#### Description of the task:
Starting from the line containing "Монетки, детали машинок", give again every line through the end of the entries, word for word. Pictures stay out of the copy.

#### Input records:
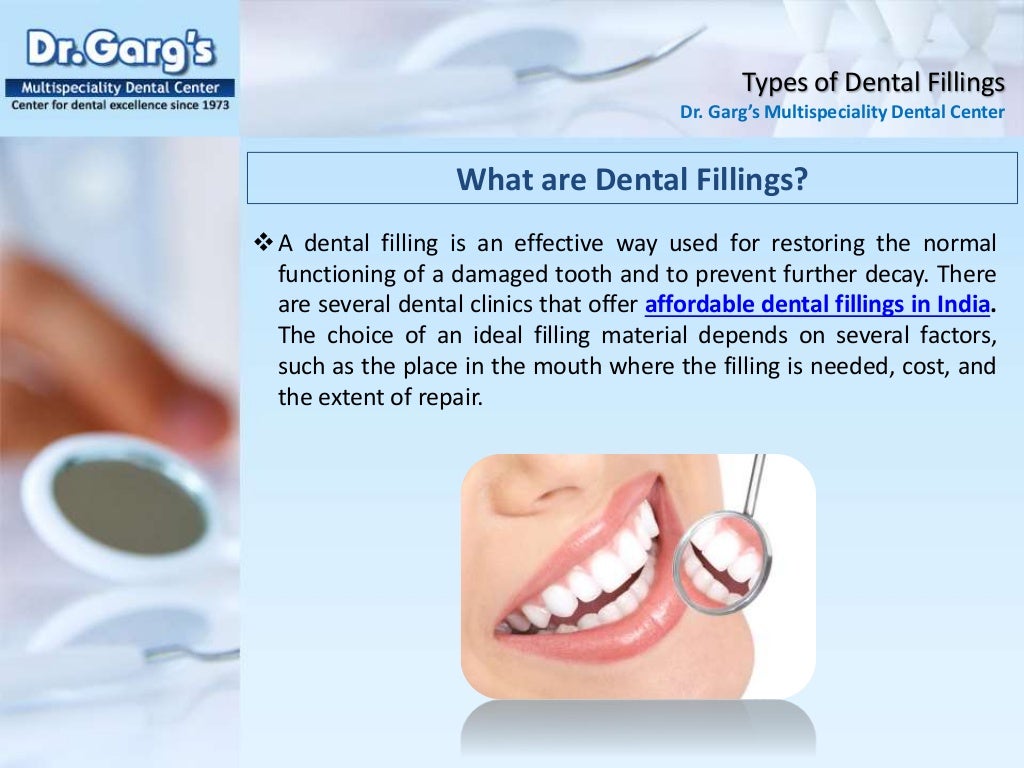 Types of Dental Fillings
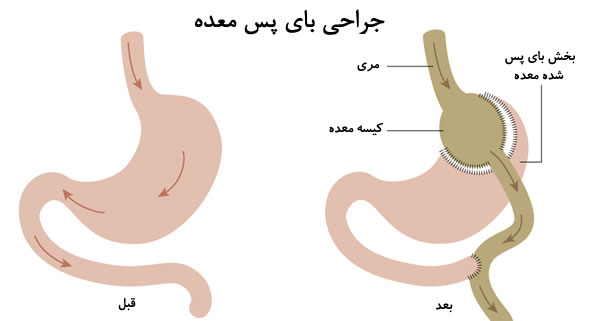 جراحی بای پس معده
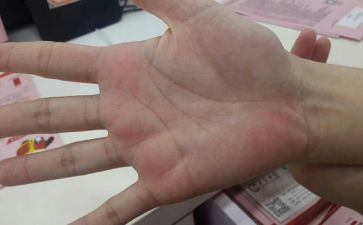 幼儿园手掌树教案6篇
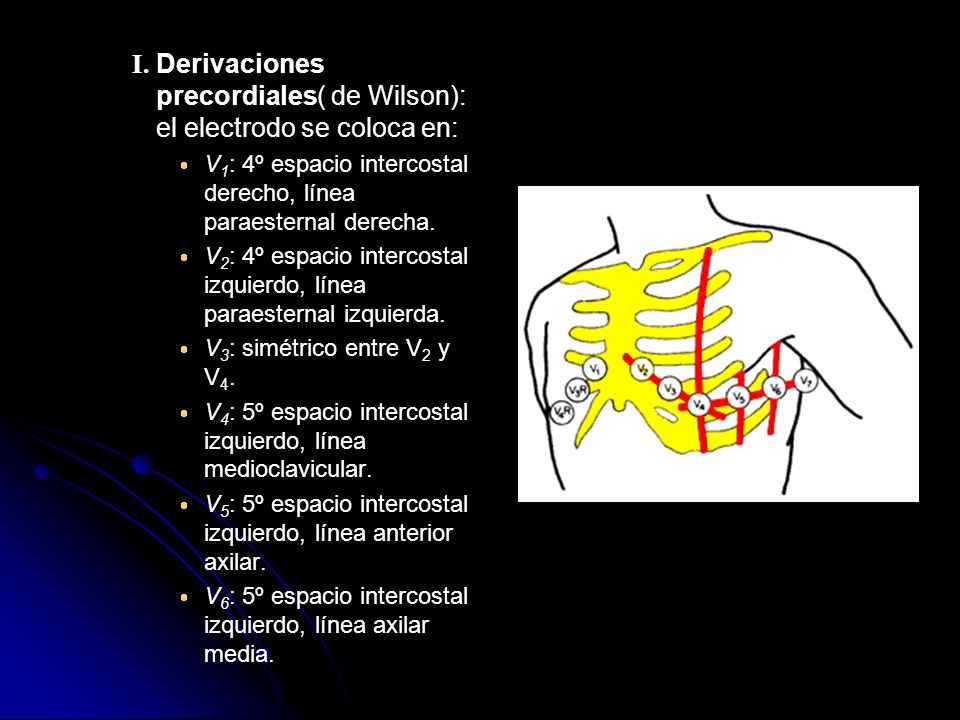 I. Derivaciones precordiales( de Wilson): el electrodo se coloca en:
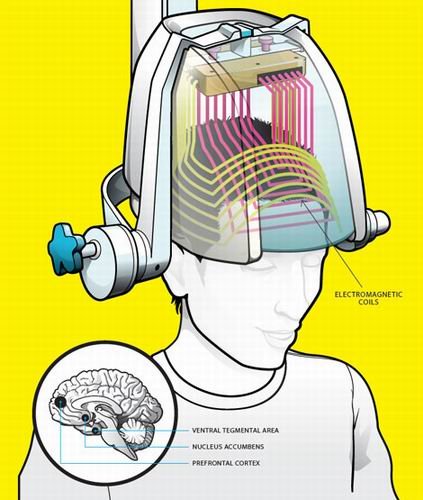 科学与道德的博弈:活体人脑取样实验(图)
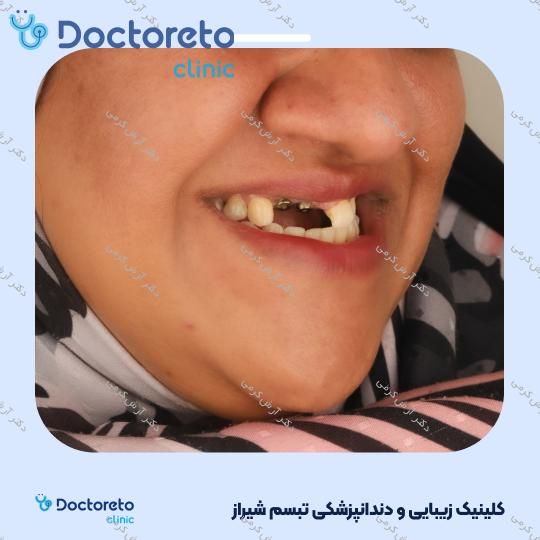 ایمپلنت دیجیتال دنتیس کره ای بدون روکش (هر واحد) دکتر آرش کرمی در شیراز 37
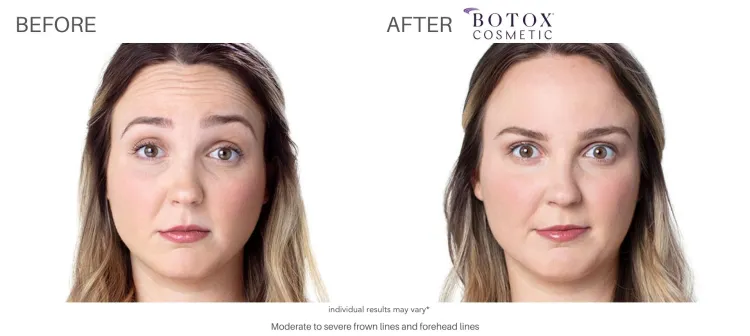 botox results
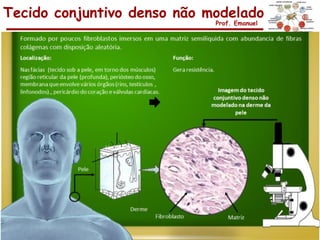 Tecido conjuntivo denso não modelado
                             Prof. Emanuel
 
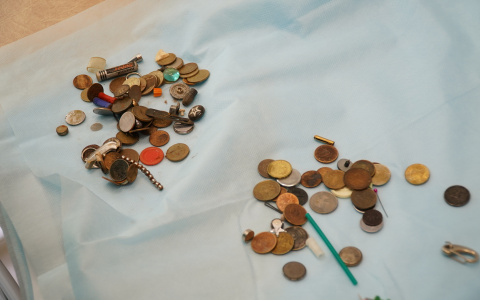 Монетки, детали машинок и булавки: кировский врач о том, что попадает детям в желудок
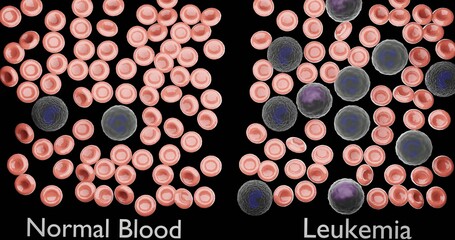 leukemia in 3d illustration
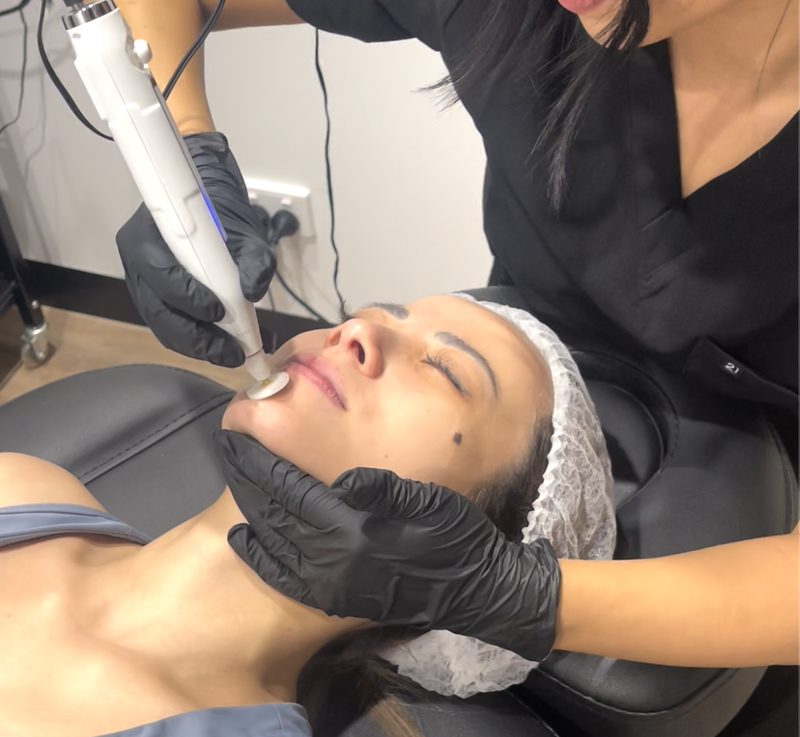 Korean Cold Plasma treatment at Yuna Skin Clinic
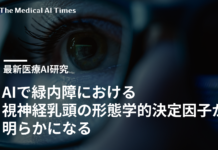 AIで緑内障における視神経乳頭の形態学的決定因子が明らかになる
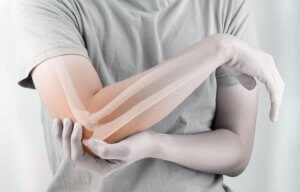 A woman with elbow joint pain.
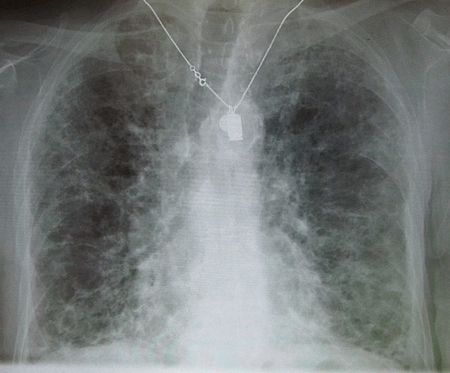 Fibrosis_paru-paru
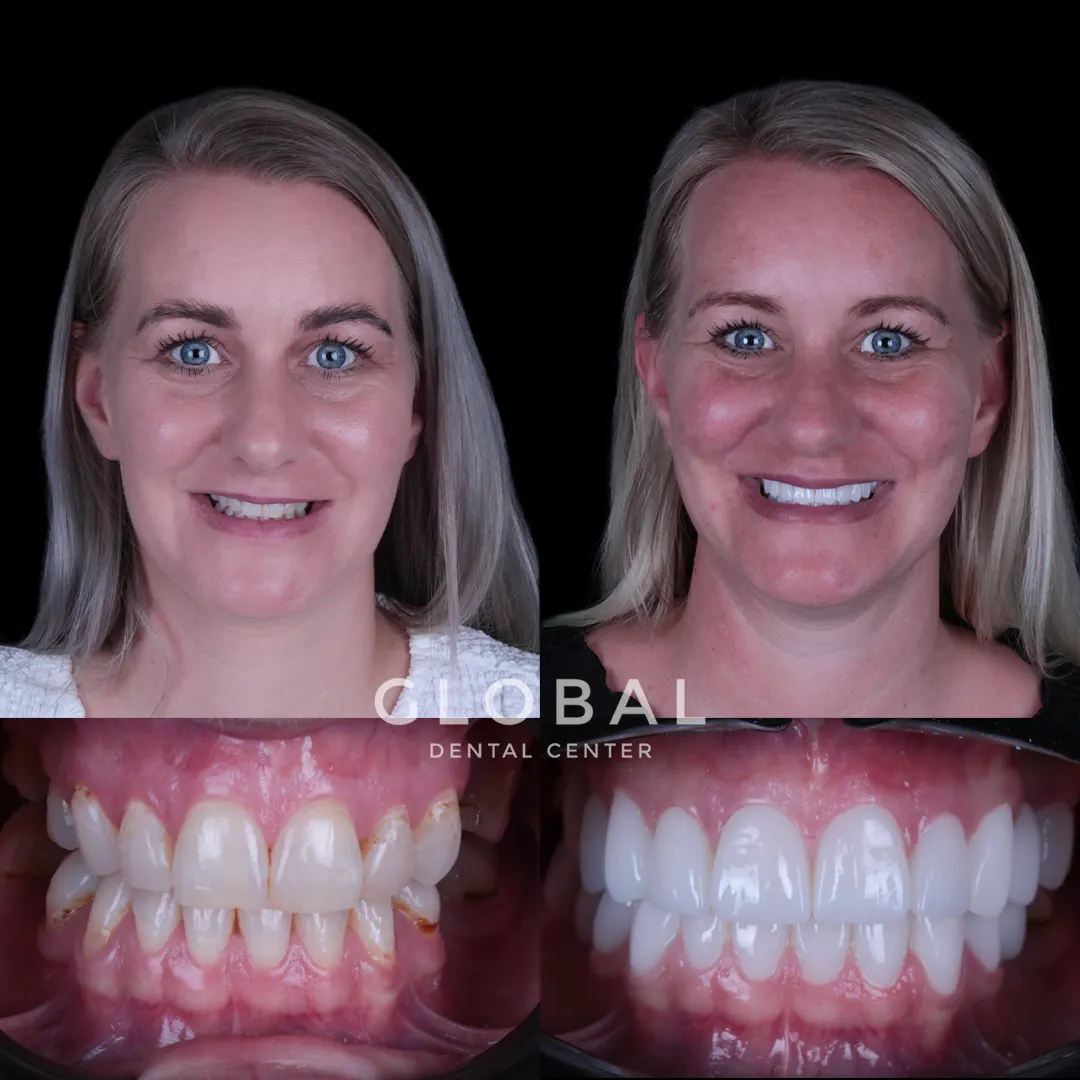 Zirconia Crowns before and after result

#### Expected answer:
 Монетки, детали машинок и булавки: кировский врач о том, что попадает детям в желудок
 leukemia in 3d illustration
 Korean Cold Plasma treatment at Yuna Skin Clinic
 AIで緑内障における視神経乳頭の形態学的決定因子が明らかになる
 A woman with elbow joint pain.
 Fibrosis_paru-paru
 Zirconia Crowns before and after result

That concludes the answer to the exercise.